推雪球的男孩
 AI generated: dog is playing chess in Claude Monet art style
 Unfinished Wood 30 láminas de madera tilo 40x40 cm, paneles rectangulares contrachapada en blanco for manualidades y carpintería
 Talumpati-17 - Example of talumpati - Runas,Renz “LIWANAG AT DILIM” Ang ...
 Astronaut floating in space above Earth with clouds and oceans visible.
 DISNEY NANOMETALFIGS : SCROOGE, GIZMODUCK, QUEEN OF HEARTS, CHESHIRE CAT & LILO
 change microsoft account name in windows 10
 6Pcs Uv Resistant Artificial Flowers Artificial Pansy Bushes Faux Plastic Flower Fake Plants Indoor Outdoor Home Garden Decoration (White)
------------
Could you write out all the records exactly, please?

推雪球的男孩
 AI generated: dog is playing chess in Claude Monet art style
 Unfinished Wood 30 láminas de madera tilo 40x40 cm, paneles rectangulares contrachapada en blanco for manualidades y carpintería
 Talumpati-17 - Example of talumpati - Runas,Renz “LIWANAG AT DILIM” Ang ...
 Astronaut floating in space above Earth with clouds and oceans visible.
 DISNEY NANOMETALFIGS : SCROOGE, GIZMODUCK, QUEEN OF HEARTS, CHESHIRE CAT & LILO
 change microsoft account name in windows 10
 6Pcs Uv Resistant Artificial Flowers Artificial Pansy Bushes Faux Plastic Flower Fake Plants Indoor Outdoor Home Garden Decoration (White)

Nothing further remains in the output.